TNG designed Tengai on top of Furhat’s social robotics platform. It began by creating an HR application, including question trees and social skills, to conduct an unbiased competence-based interview process. TNG also trained the robot using machine learning tools and data collected from multiple test interviews conducted by a diverse pool.

Today, Tengai works just like a human recruiter and starts the interview with an introduction, followed by questions to measure soft skills, personality traits, and competency. But unlike humans, it does not make small talk before or after the interaction to avoid forming any unconscious biases about a candidate. For example, it might ask the interviewee to talk about a work situation when he or she found it difficult to work with colleagues in a team or project, but it would never chat about their appearance or sports teams they support. After the interview, the robot presents a summary and assessment based on objective data.

Taking Out Cognitive Biases

Taking bias out of the interview process is significant, if TNG’s 2018 survey of job seekers in Sweden is any indication. Nearly three-quarters (73 percent) of candidates reported they had been discriminated against while applying for a job based on their age, gender, ethnicity, handicap, sexual preferences, appearance, weight, or health.
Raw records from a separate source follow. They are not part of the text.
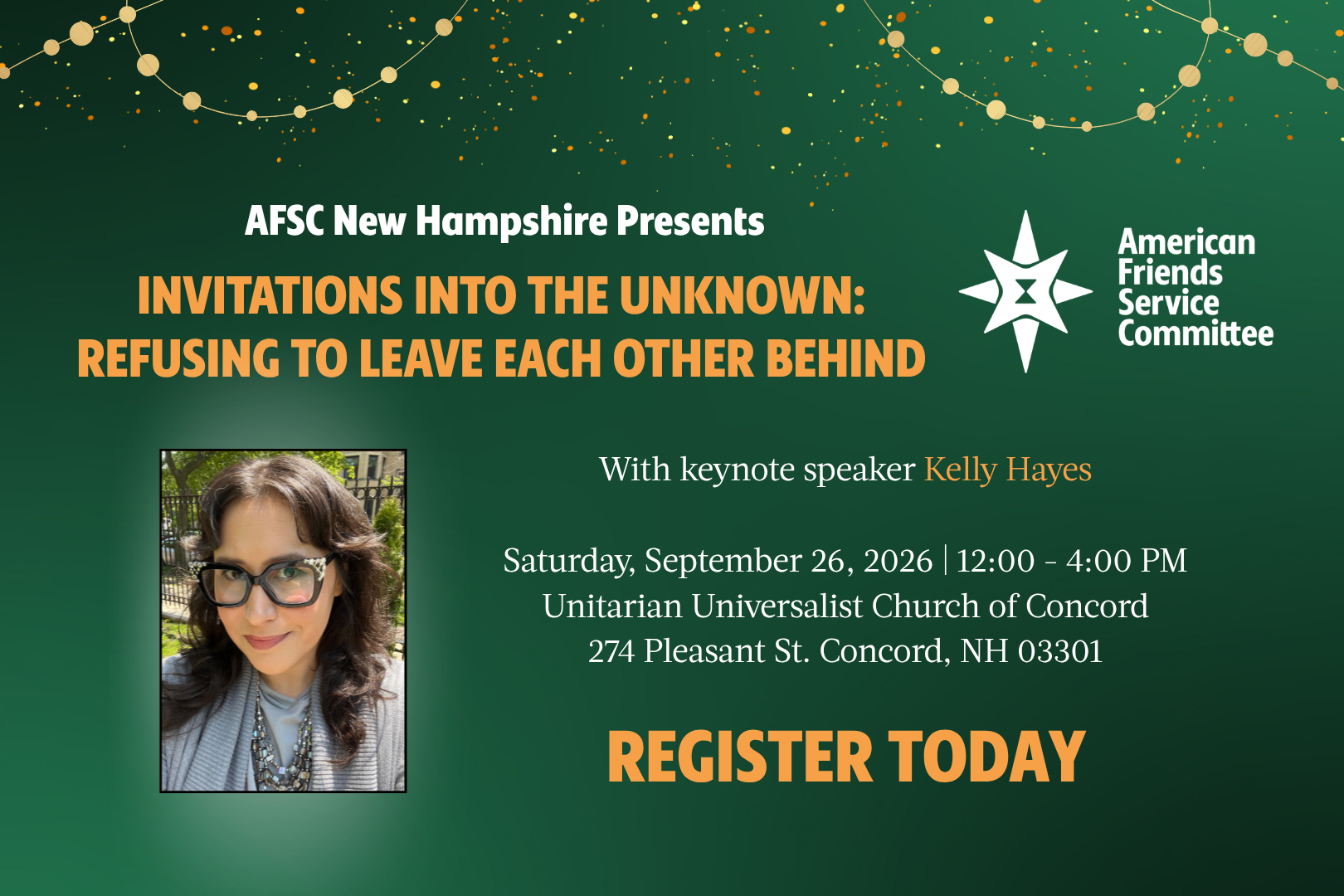 Invitations into the Unknown: Refusing to Leave Each Other Behind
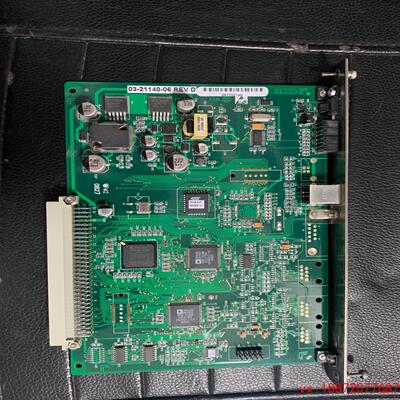 (非标价)拆机ASM 焊线机控制板 03-21140-06 REV D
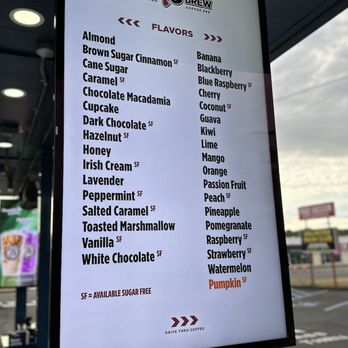 7 Brew Coffee - @CoffeeinConnecticut - Coffee & Tea Near Me - Wallingford, Connecticut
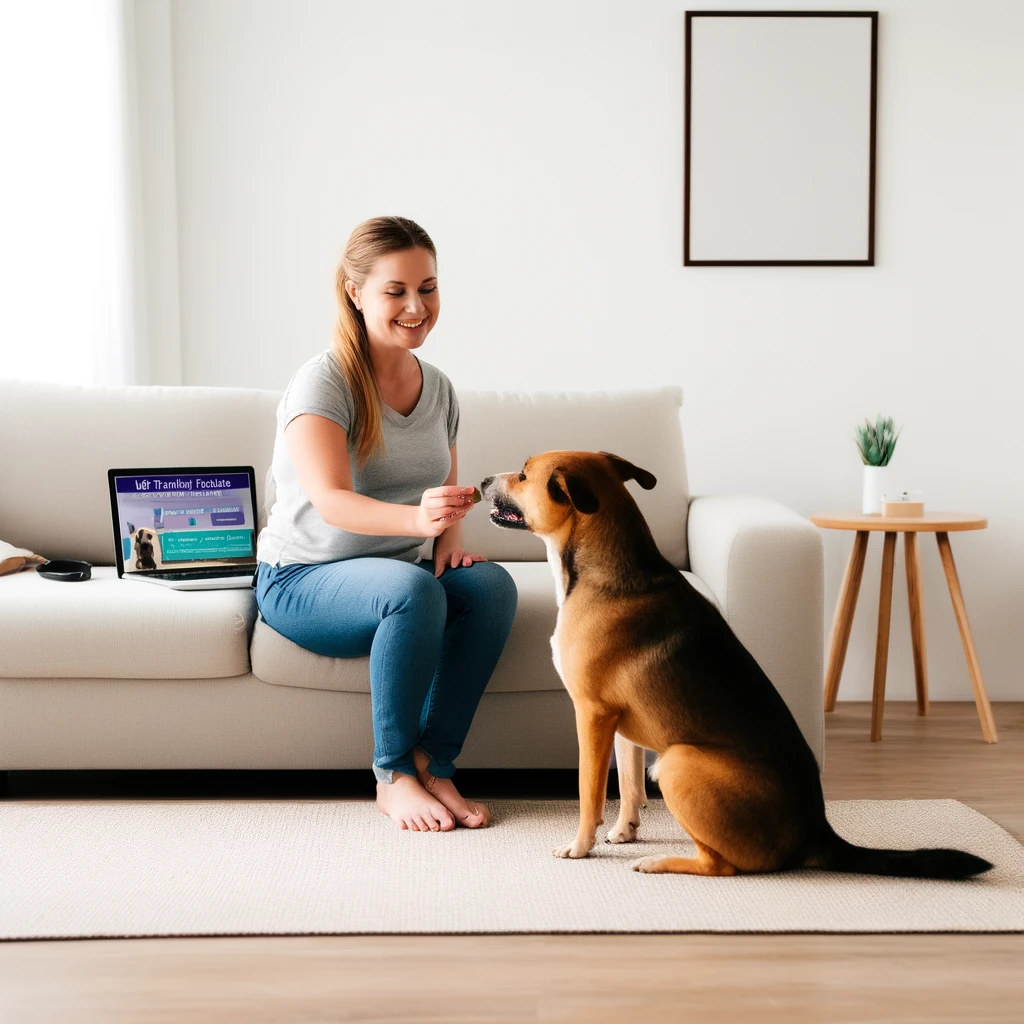 free online dog training workshop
For Mårtenzon, Tengai is the answer, as “it is unbiased in design and free of unconscious prejudice.” Any AI, however, is only as good as the data and people who train it. Amazon, for instance, recently abandoned an AI recruitment system because the system discriminated against women, particularly for technical roles.

How does Tengai do what Amazon couldn’t? The problem, she says, is that most AI systems make decisions by looking at historical data, which only perpetuates existing biases. To avoid such pitfalls, TNG made it a point to not train Tengai on historical data. “Instead, we train it on [competency-based] behavioral anchors for every specific competency we are trying to measure,” explains Mårtenzon. These behavioral anchors demonstrate a certain competency, depending on the job role. The process looks something like this: The hiring manager first identifies the most essential competencies needed for the role and then designs a few questions—typically to pose a situation that would require certain behaviors that demonstrate the competencies associated with that job. For example, if the role has a customer service focus, Tengai might say: “Tell about a time when you were not effective in meeting a customer’s needs and what steps you took to correct the situation.”
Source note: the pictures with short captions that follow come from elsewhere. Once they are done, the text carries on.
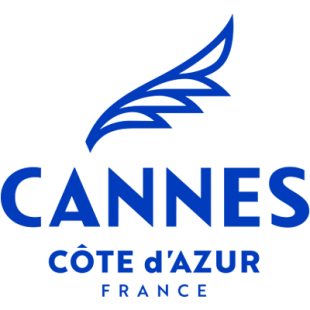 Ville de Cannes logo plage 314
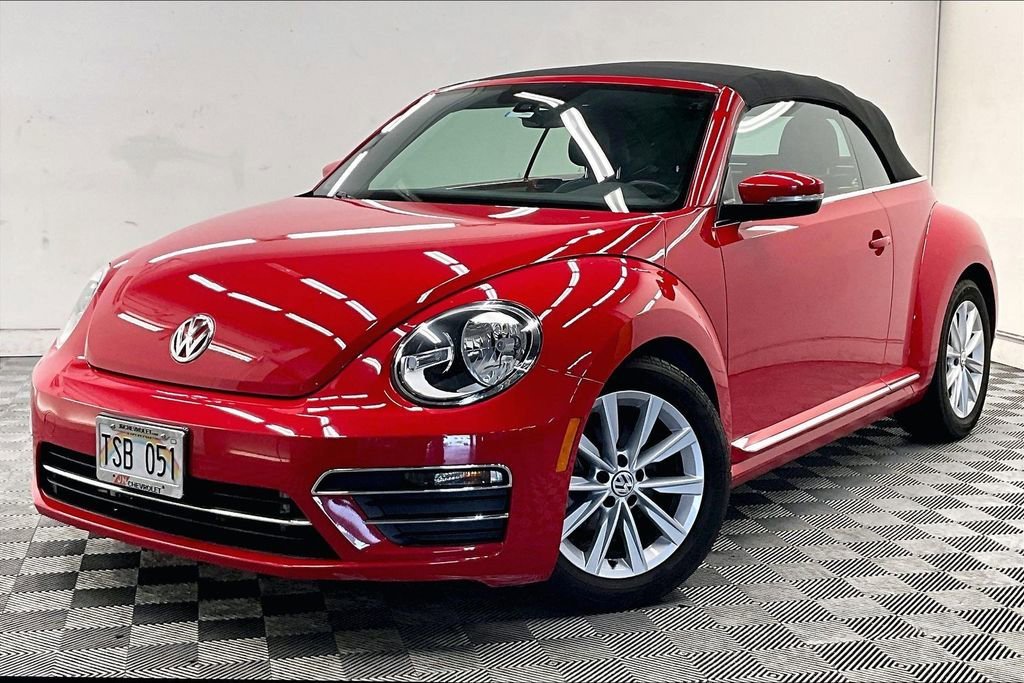 2018 Volkswagen Beetle 2.0T S Convertible Auto's photo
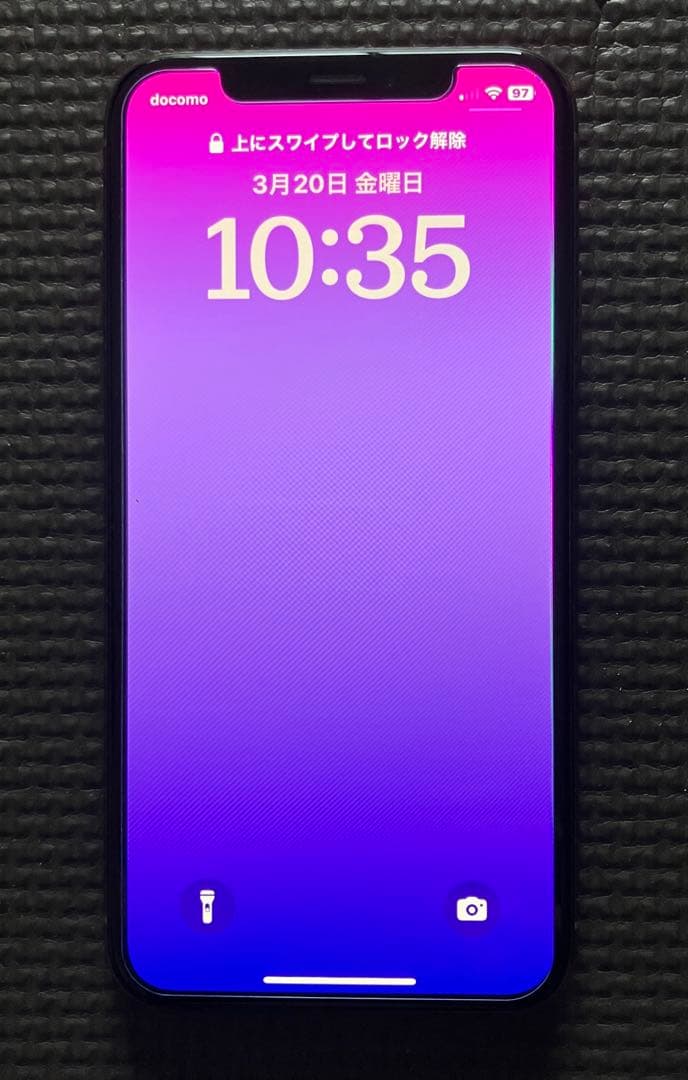 【美品】 Apple iPhone XS 64GB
To ensure that no human biases creep in, TNG turned to a mix of recruiters and volunteers, with diverse races, religions and gender , to train Tengai. In addition, they ensured the robot’s algorithm doesn’t look for any data on age, gender, ethnicity, or religion during the interview.

Besides removing human bias, Tengai also helps job seekers get more candid during the interview. “The majority of the candidates say that they can answer Tengai’s questions more honestly and sincerely than with a human recruiter. Tengai seemed to make them more comfortable, and they opened up and talked about difficult issues,” she says. Interviewees don’t need to worry about the interviewer’s body language or “second-guess what the interviewer wants to hear.”

Pick Your Interviewer

Mårtenzon believes that a robot like Tengai is “already great for the initial interview phase.” Currently, it provides recruiters and hiring managers a summary of the interview with data on a candidate’s skills and personality traits so they can decide whether or not to move forward. In the next iteration, the robot will be able to independently decide if a candidate should move to the next stage of recruitment without requiring human analysis of the interview transcripts.

TNG has more plans in the works for Tengai. By early 2020, they expect to roll out an English-speaking version of the robot (Tengai currently only conducts interviews in Swedish). Eventually, they plan to offer customizable faces and voices, and allow job applicants to choose the robot interviewer’s gender, language, and appearance. “Imagine what that would do to the interview process,” adds Mårtenzon.